Otherwise, here's no snowboarding or woodworking hobby with a 26 liter
backpack. There's no amateur astronomy. There's no antique sparkplug
collection. There's no home-made Bundt cake or fondue dinners. There's no
stocking up bulk foods to save money. There's no place to store the boar meat
from your hunting trip, or your hunting rifles.

For instance, in the summers I go on multi-week cycle camping trips. With a 26
liter backpack, I would have to rent the bike (long-distance cycles are not
easy to rent), the sleeping bag and tent (or bivvy bag), and similar gear. My
current lifestyle is not compatible with a 26 liter backpack.

That said, I once lived out of a suitcase for a year. I carried more then 12kg
because my lifestyle then included having enough clothes to go out salsa or
tango dancing every night, without having people wonder why I was wearing the
same clothes all the time.

And that's okay. There are plenty of people for whom steps 1) and 2) are
entirely reasonable and appropriate. But it all boils down to 1) and 2).

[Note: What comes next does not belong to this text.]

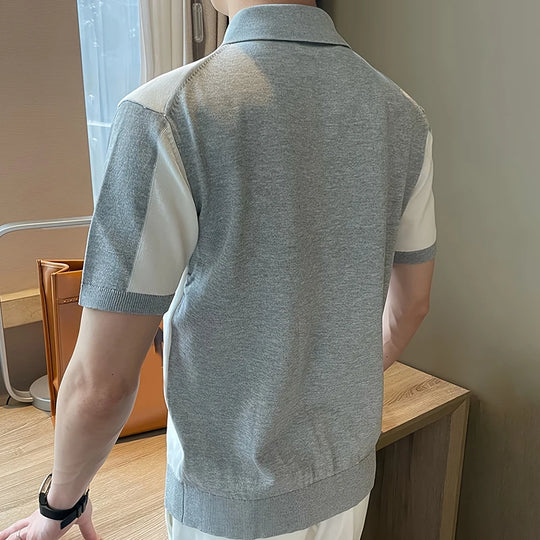 Riccardo™ | Men's Contrast Knit Polo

My favorite example is Nellie Bly. She went around the world in 72 days, in
the late 1880s, with "the dress she was wearing, a sturdy overcoat, several
changes of underwear and a small travel bag carrying her toiletry essentials.
She carried most of her money (£200 in English bank notes and gold in total as
well as some American currency) in a bag tied around her neck." As she wrote:

> "After-experience showed me that I had taken too much rather than too little
> baggage. ... It will be seen that if one is traveling simply for the sake of
> traveling and not for the purpose of impressing one's fellow passengers, the
> problem of baggage becomes a very simple one. On one occasion–in Hong Kong,
> where I was asked to an official dinner–I regretted not having an evening
> dress with me, but the loss of that dinner was a very small matter when
> compared with the responsibilities and worries I escaped by not having a lot
> of trunks and boxes to look after. "

On the other hand, if you have a _lot_ of money, then you can still be a
'professional traveler' with no backpack - there are people who will do your
shopping for you - or with a lot of trunks and boxes, that other people take
care of for you.